- Born: James Benjamin Sclater Jr. July 19, 1847 Orange County, Virginia, US
- Died: April 5, 1882 (aged 34) Richmond, Virginia, US
- Burial place: Hollywood Cemetery (Richmond, Virginia)
- Education: Virginia Military Institute University of Virginia
- Occupations: Commercial broker and druggist
- Employer(s): Brockenbrough & Sclater J. B. Sclater & Son
- Known for: Founder of Pi Kappa Alpha

= James B. Sclater Jr. =

American fraternity founder (1847–1882)

James Benjamin Sclater Jr. (July 19, 1847 – April 5, 1882) was an American commercial broker and druggist. He was a founder of Pi Kappa Alpha fraternity at the University of Virginia in 1868.

==Early life==
Sclater was born in Orange County, Virginia, on July 19, 1847. He was the son of Harriet (née Wharton) of Louisa County and James Benjamin Sclater Sr. of Fluvanna County. Soon after his birth, his family moved to Richmond. In Richmond, his father was a produce and merchandise broker and agent for Williams & Brothers. His father was also a director of Citizens Bank of Richmond.

Sclater briefly attended the Cabell School in the Virginia. In March 1864, he started studies at Virginia Military Institute (VMI) when the college was temporarily relocated from Lexington to Richmond. Schater and the other VMI cadets served the Confederacy in the defense of Richmond. In April 1865 after General Robert E. Lee's army left Richmond, Sclater was paroled from the Cadet Battalion by order of Union Army officers.

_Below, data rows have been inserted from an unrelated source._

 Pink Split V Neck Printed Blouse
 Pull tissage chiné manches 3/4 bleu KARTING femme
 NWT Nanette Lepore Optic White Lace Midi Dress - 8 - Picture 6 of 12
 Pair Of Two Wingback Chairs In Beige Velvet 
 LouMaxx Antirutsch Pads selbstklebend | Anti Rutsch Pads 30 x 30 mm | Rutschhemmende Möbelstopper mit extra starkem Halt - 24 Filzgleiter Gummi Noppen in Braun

Sclater enrolled in the University of Virginia in 1867, where he remained for two academic years. While there, he was one of the founders of Pi Kappa Alpha in 1868, along with other students he met while attending VMI. He lived in Room 47 with Robertson Howard, another Pi Kappa Alpha founder. Although he was later known to his friends as "Doc", Sclater did not receive a medical degree. He did, however, take two years of classes in anatomy and materia medica, chemistry and pharmacy, physiology and surgery, and medicine before leaving the university after the 1868–1869 academic year.

== Career ==
After leaving college, Sclater worked for his father in Richmond. He then started Brockenbrough & Sclater, a drug business in Charlotte, North Carolina. In 1870, he was a clerk in a drug store in Essex, New Jersey.

He returned to Richmond in 1870 and lived with his father. By March 1873, Sclater and his father had formed a business, J. B. Sclater & Son located at 5 South 14th Street. The Richmond City Directory listed his occupation as a commercial broker in 1873. However, the firm dissolved by mutual agreement on April 1, 1874.

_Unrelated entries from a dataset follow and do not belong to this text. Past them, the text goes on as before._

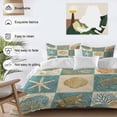 thumbnail image 4 of Vintage Coastal Bedding 3 Piece Duvet Cover Set Full Size, Summer Beach Sea Turtle Shell Starfish Soft Microfiber Comforter Cover with Zipper Closure & Pillowcases, FadeResistant Quilt Cover, 4 of 9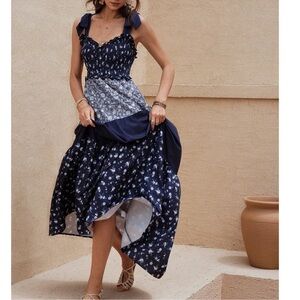 Boho Floral Print Color Block Adjustable Straps Maxi Dress S M L XL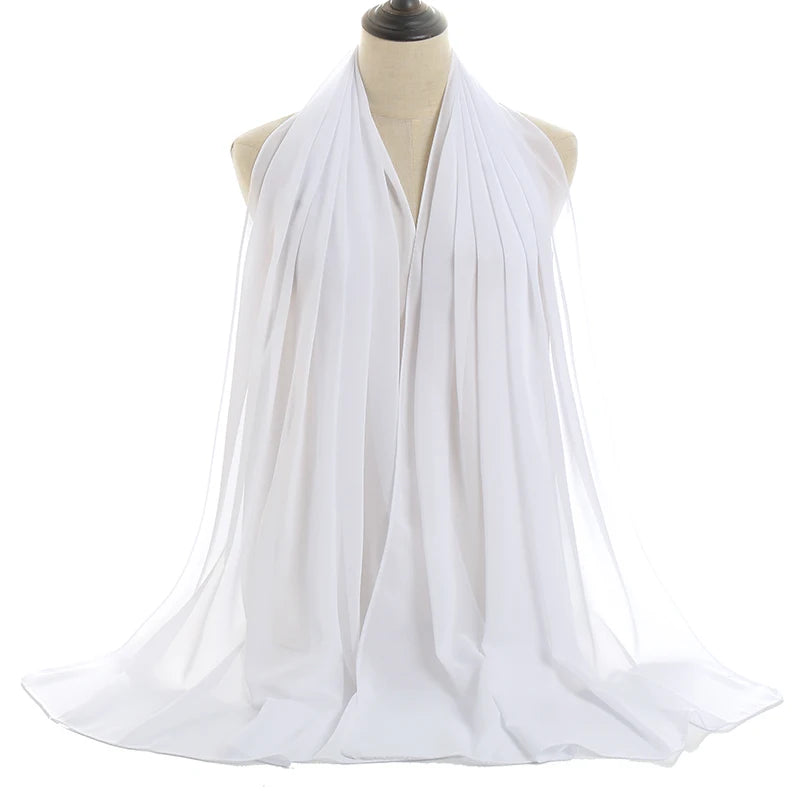 Ramadan Muslim Chiffon Hijabs For Woman Plain Color Headscarf Long Shawl Scarf Women Jersey Hijabs Ladies Islam Voile Hijab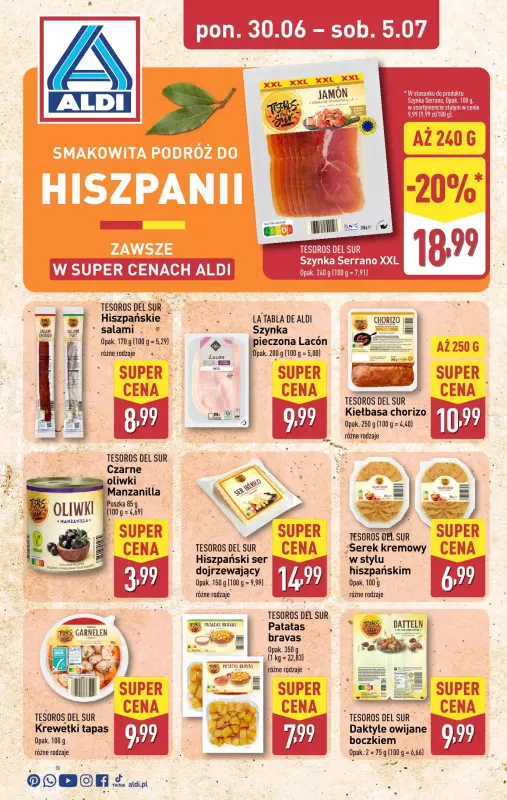 Aldi - gazetka promocyjna Smakowita podróż do Hiszpanii! od poniedziałku 30.06 do soboty 05.07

The 1877 Richmond City Directory listed him as a clerk working for his father.

== Personal life ==
Sclater never married. His health declined in the 1870s. On April 5, 1882, he died of heart disease at the age of 35 at his uncle's Richmond home. He was buried in Hollywood Cemetery in Richmond. His grave was marked by an ornamental urn placed there by his sweetheart. On August 27, 1958, the Pi Kappa Alpha fraternity dedicated a marker for Sclater's grave.